*** Begin section ***
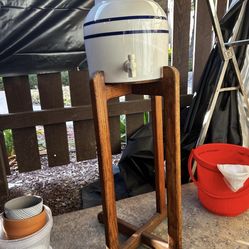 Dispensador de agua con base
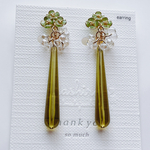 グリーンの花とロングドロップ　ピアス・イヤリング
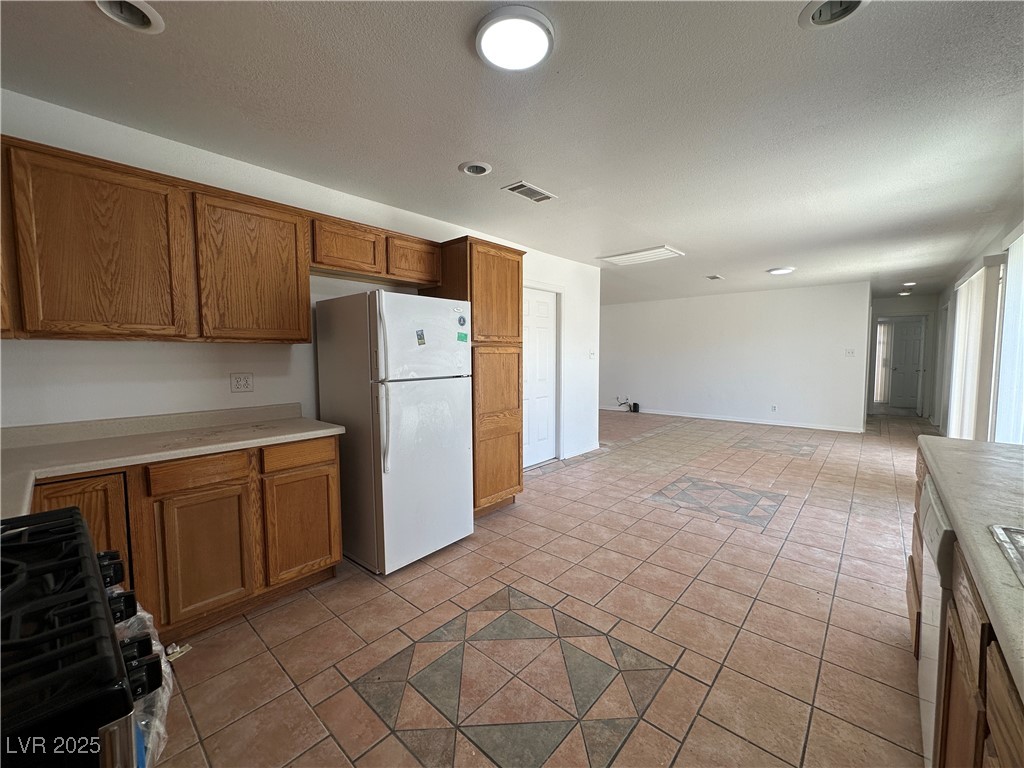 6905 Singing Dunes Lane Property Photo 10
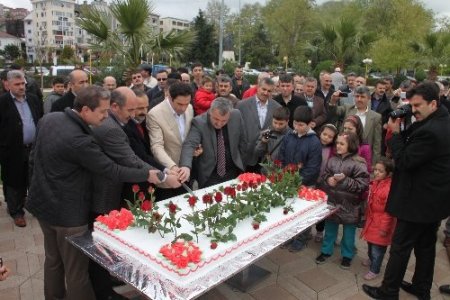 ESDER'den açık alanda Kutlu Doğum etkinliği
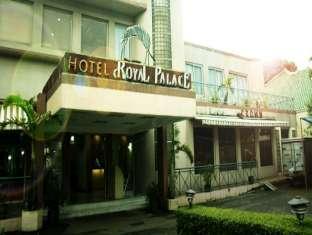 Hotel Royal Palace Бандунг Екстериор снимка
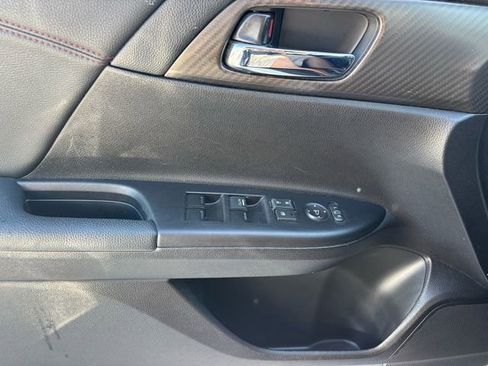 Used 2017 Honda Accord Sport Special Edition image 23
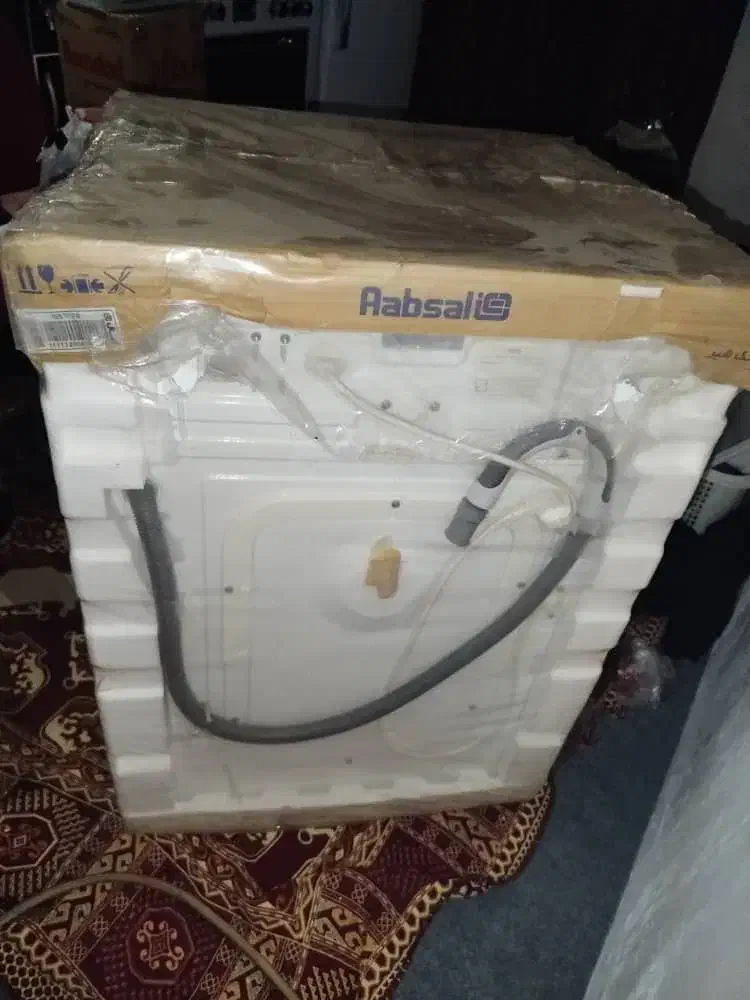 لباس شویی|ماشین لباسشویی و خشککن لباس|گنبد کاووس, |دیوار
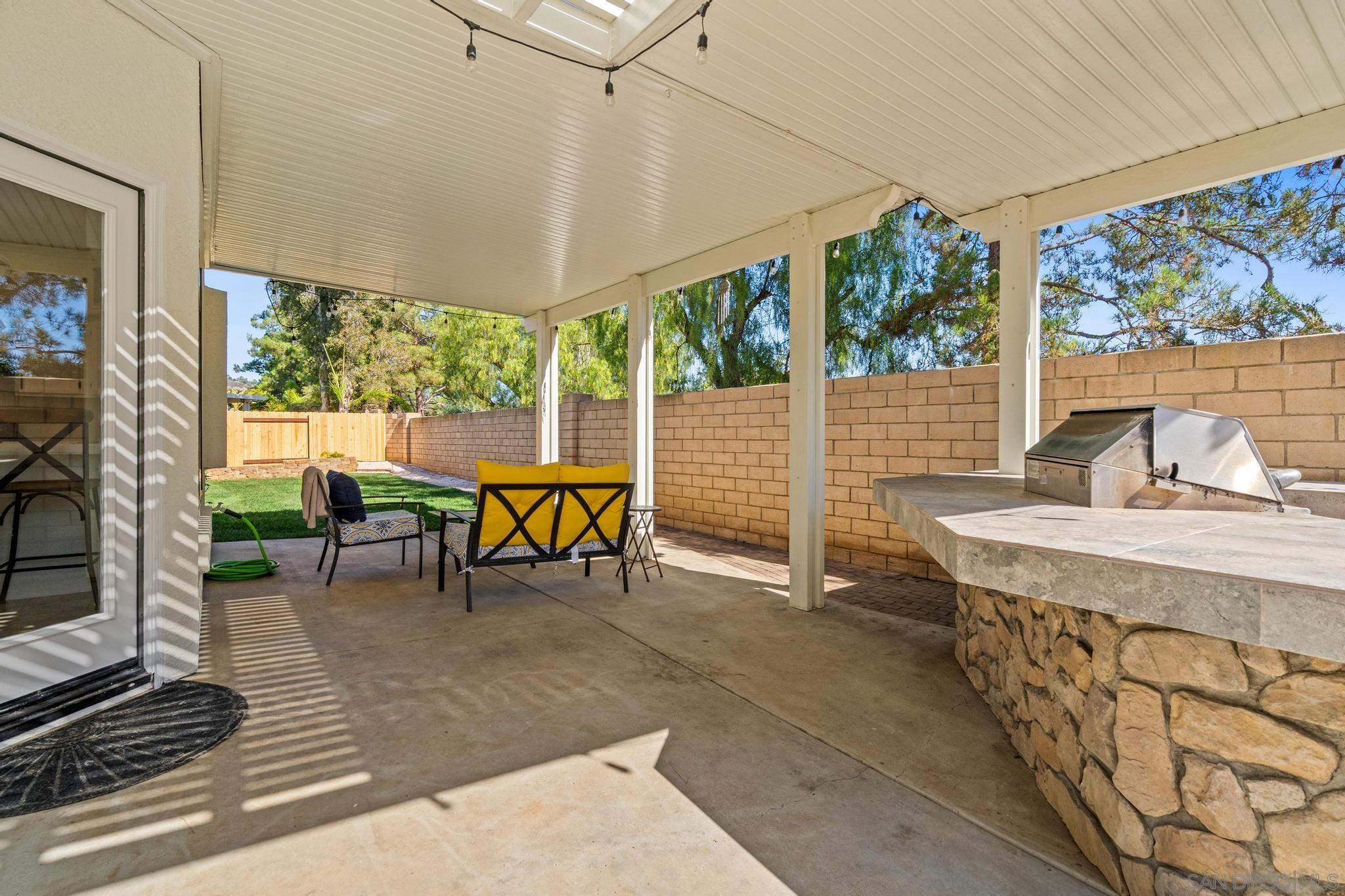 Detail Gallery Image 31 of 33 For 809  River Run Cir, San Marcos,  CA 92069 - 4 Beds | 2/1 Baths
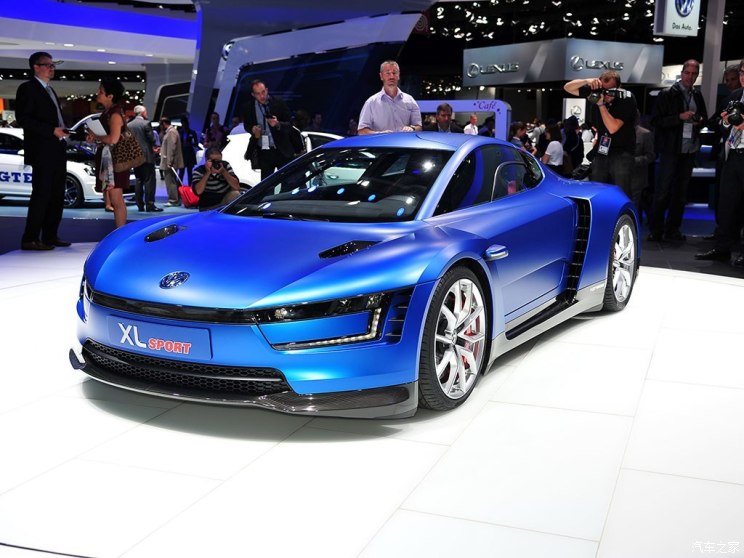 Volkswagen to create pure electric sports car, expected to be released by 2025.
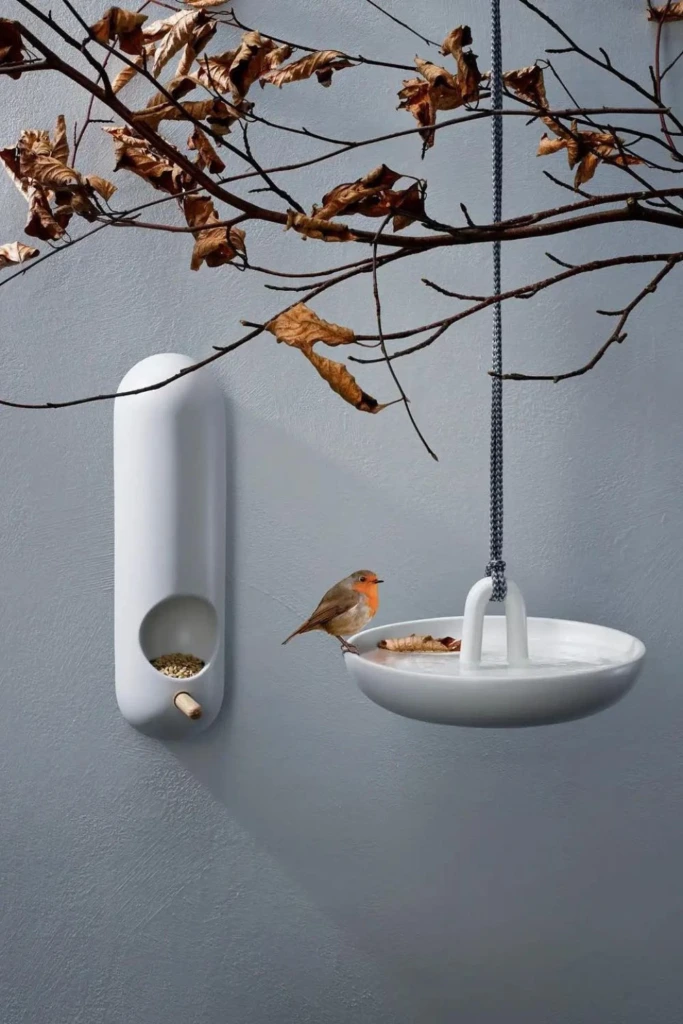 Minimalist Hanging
*** End section ***
*** Begin section ***
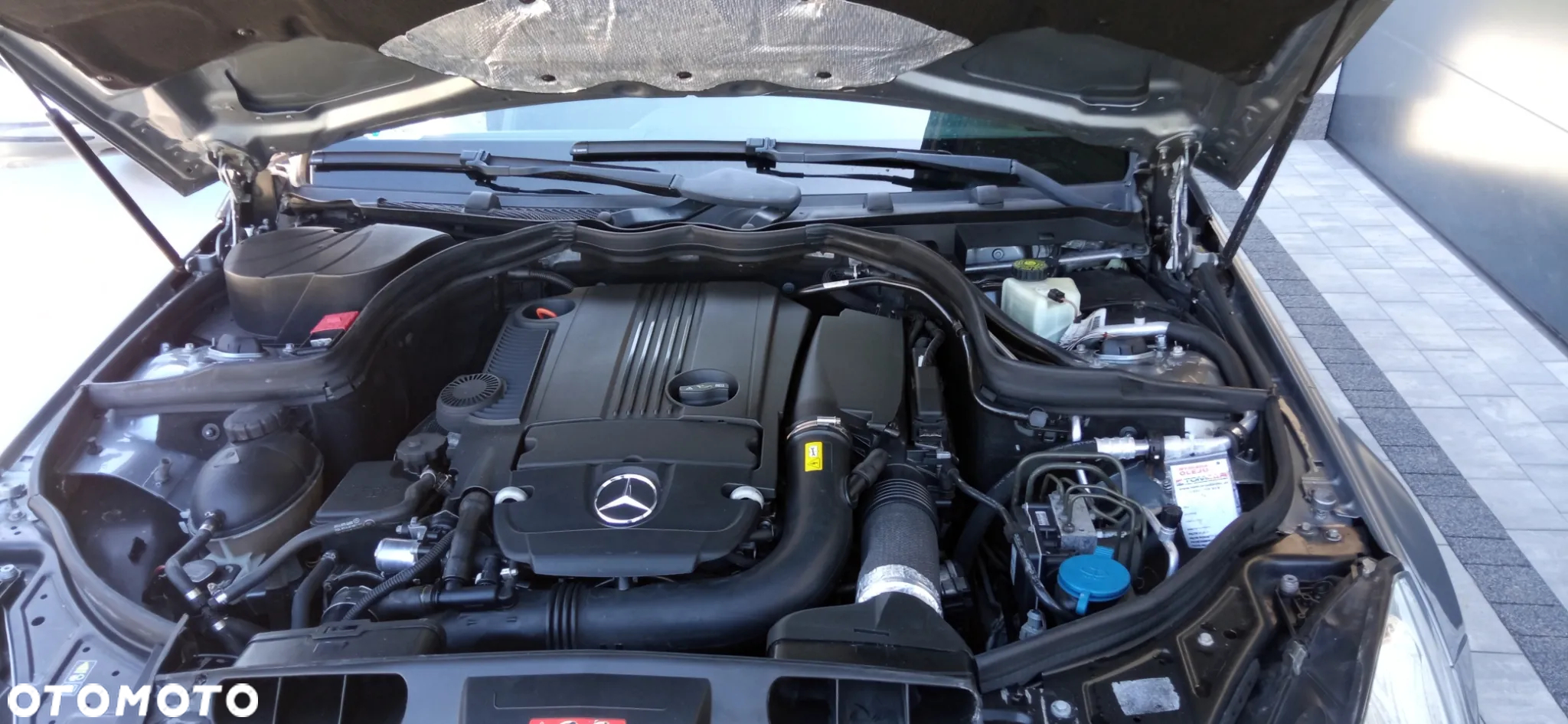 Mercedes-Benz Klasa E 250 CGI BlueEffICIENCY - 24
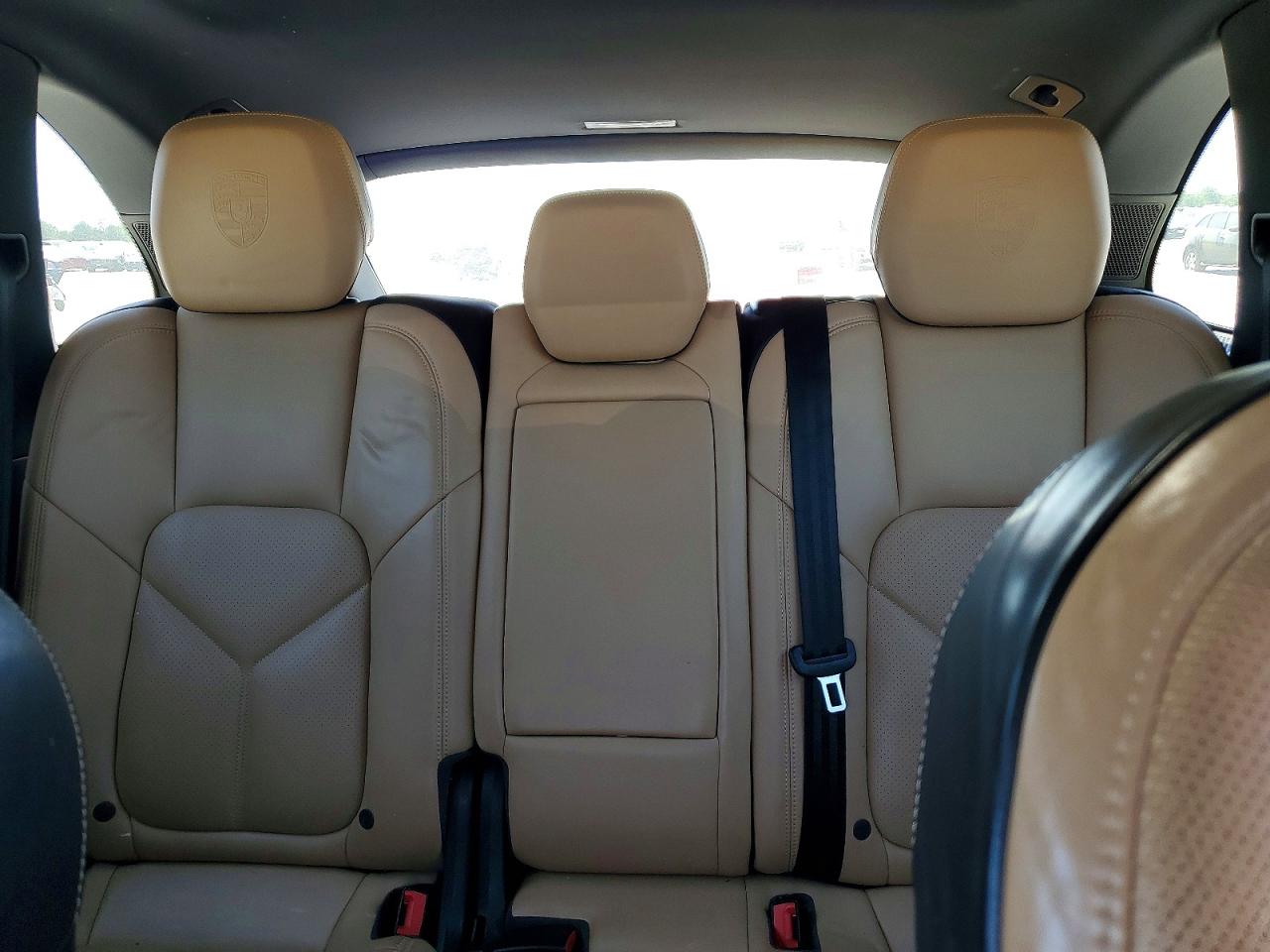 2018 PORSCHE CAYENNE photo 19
*** End section ***
■ **What needs to be done**:
Exact copy, no pictures. Write out the lines in the entries above, starting with the line with "Detail Gallery Image" and going on through the line with "Minimalist Hanging", keeping both.

■ **Response**:
 Detail Gallery Image 31 of 33 For 809  River Run Cir, San Marcos,  CA 92069 - 4 Beds | 2/1 Baths
 Volkswagen to create pure electric sports car, expected to be released by 2025.
 Minimalist Hanging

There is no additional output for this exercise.